WHAT IS EXPECTED
This task calls for the lines below starting at the one containing "[upl. by Yerdua961]" and ending at the one containing "The best part", repeated exactly with both ends kept and pictures left out.

SOURCE MATERIAL

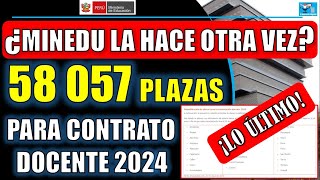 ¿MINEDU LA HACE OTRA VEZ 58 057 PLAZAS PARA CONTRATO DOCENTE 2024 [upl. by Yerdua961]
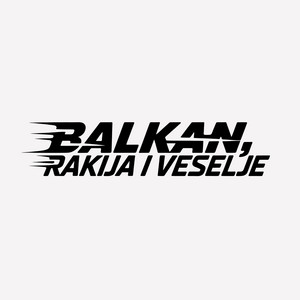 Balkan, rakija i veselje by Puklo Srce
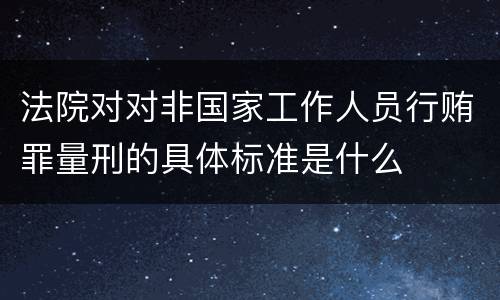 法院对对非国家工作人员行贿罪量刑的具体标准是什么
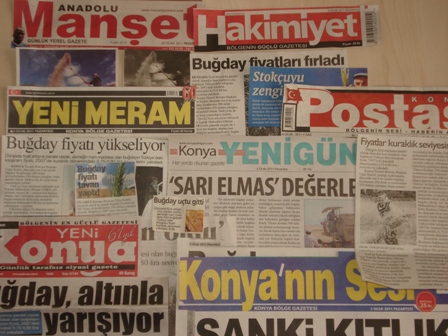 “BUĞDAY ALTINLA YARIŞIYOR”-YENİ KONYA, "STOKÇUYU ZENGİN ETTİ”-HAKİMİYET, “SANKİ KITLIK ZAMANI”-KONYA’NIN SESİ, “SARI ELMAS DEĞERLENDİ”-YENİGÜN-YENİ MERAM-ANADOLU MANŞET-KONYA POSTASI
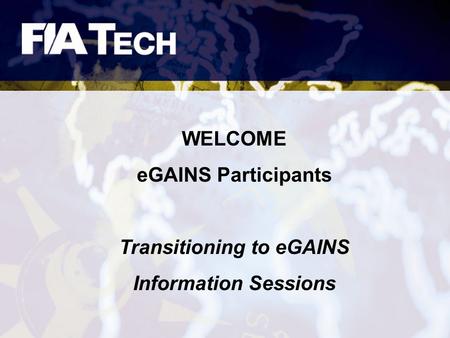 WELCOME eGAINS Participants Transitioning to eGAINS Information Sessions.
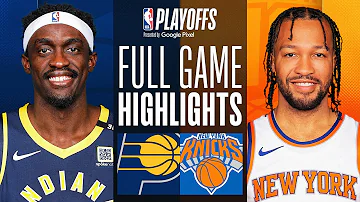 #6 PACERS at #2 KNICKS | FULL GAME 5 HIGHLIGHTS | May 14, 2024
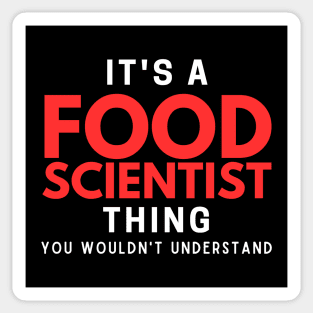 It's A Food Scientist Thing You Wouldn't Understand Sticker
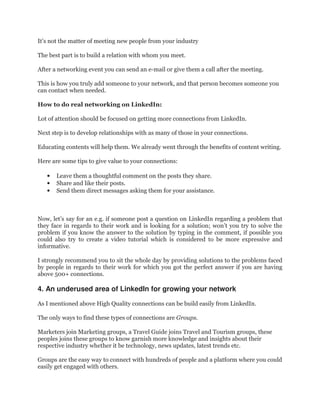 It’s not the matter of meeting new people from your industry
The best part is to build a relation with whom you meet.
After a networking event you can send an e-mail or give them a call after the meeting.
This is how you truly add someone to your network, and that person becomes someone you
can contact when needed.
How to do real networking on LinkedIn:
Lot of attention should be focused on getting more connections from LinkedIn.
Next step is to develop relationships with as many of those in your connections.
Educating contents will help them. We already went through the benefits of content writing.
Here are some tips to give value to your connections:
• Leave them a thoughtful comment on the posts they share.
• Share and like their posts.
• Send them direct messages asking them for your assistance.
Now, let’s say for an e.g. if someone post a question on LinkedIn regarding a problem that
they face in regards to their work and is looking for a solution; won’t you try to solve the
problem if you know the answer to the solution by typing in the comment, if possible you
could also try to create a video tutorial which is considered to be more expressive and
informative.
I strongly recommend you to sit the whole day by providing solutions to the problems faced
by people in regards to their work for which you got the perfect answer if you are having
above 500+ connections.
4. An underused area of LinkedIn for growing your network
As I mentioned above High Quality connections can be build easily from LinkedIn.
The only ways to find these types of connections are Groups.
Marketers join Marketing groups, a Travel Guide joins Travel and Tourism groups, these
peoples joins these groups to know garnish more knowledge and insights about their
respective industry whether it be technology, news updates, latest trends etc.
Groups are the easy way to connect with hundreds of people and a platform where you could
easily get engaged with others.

--

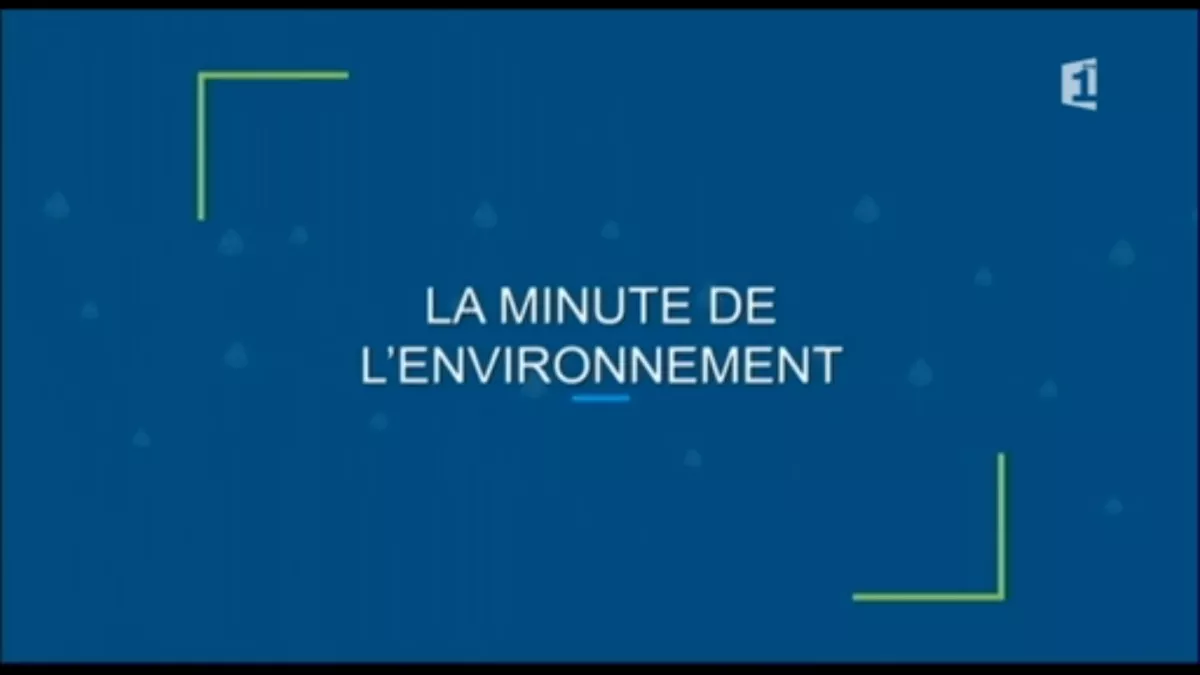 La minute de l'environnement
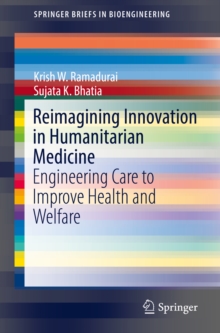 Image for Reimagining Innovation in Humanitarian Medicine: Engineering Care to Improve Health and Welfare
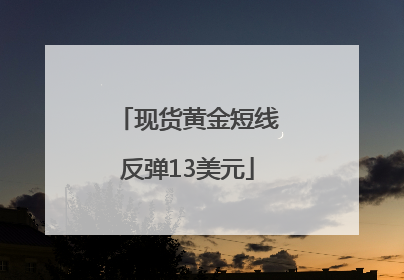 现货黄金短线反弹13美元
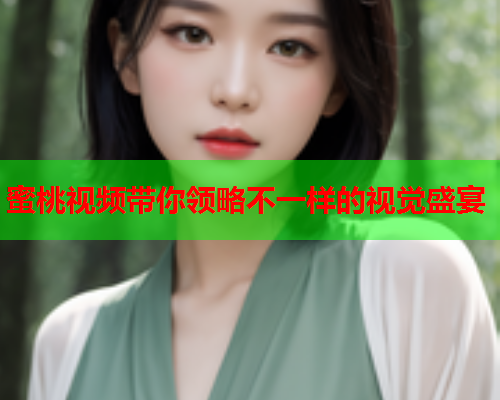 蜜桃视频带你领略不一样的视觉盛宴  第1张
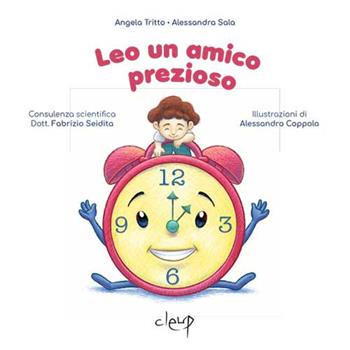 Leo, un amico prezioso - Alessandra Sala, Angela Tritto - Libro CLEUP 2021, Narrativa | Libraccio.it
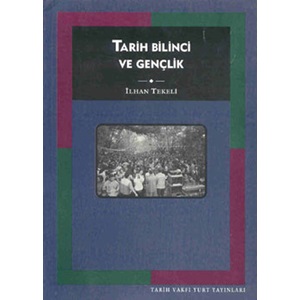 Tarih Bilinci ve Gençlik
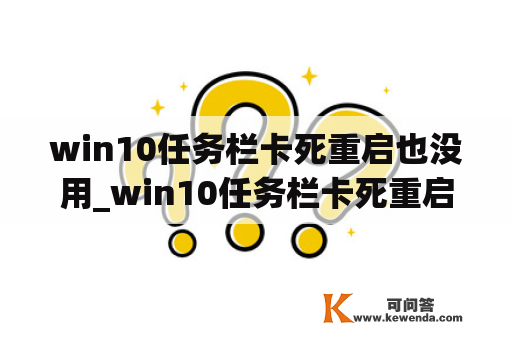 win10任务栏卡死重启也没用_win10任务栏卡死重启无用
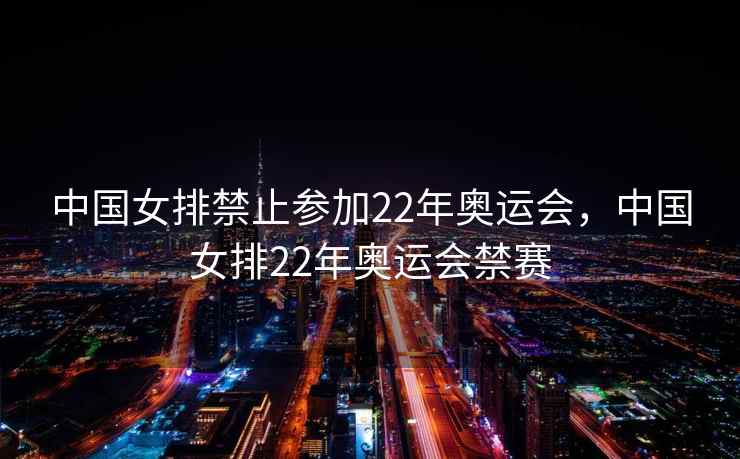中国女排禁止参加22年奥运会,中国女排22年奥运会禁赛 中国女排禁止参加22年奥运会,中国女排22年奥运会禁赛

==

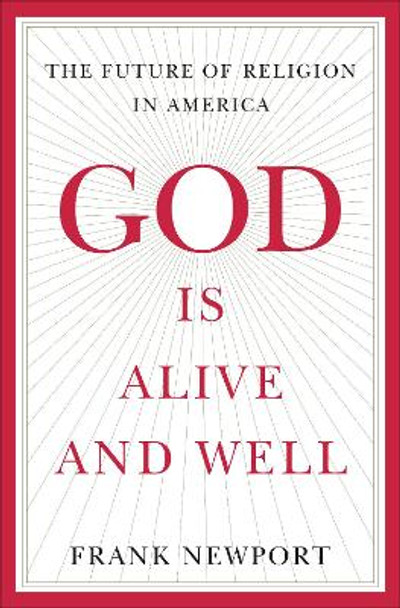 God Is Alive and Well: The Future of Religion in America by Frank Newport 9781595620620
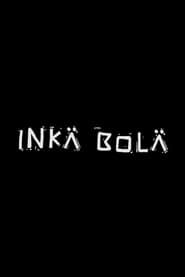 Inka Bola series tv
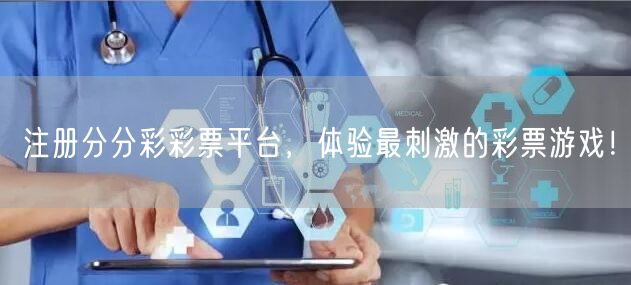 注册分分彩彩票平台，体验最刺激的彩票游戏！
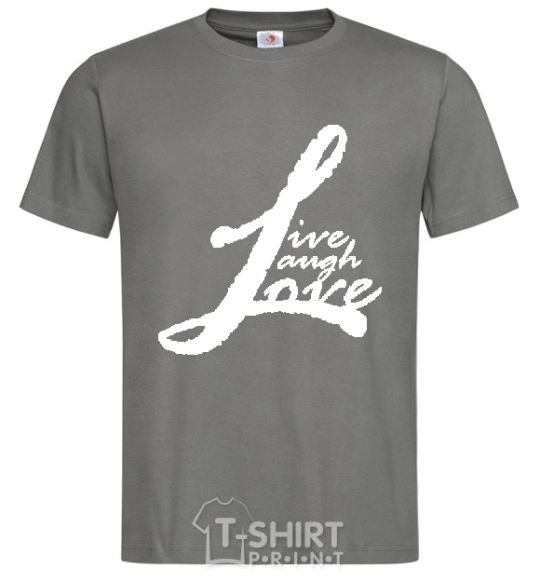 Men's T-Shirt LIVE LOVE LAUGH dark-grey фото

EXERCISE SOLUTION
 ¿MINEDU LA HACE OTRA VEZ 58 057 PLAZAS PARA CONTRATO DOCENTE 2024 [upl. by Yerdua961]
 Balkan, rakija i veselje by Puklo Srce
 法院对对非国家工作人员行贿罪量刑的具体标准是什么
 “BUĞDAY ALTINLA YARIŞIYOR”-YENİ KONYA, "STOKÇUYU ZENGİN ETTİ”-HAKİMİYET, “SANKİ KITLIK ZAMANI”-KONYA’NIN SESİ, “SARI ELMAS DEĞERLENDİ”-YENİGÜN-YENİ MERAM-ANADOLU MANŞET-KONYA POSTASI
 WELCOME eGAINS Participants Transitioning to eGAINS Information Sessions.
 #6 PACERS at #2 KNICKS | FULL GAME 5 HIGHLIGHTS | May 14, 2024
 It's A Food Scientist Thing You Wouldn't Understand Sticker
 It’s not the matter of meeting new people from your industry
The best part is to build a relation with whom you meet.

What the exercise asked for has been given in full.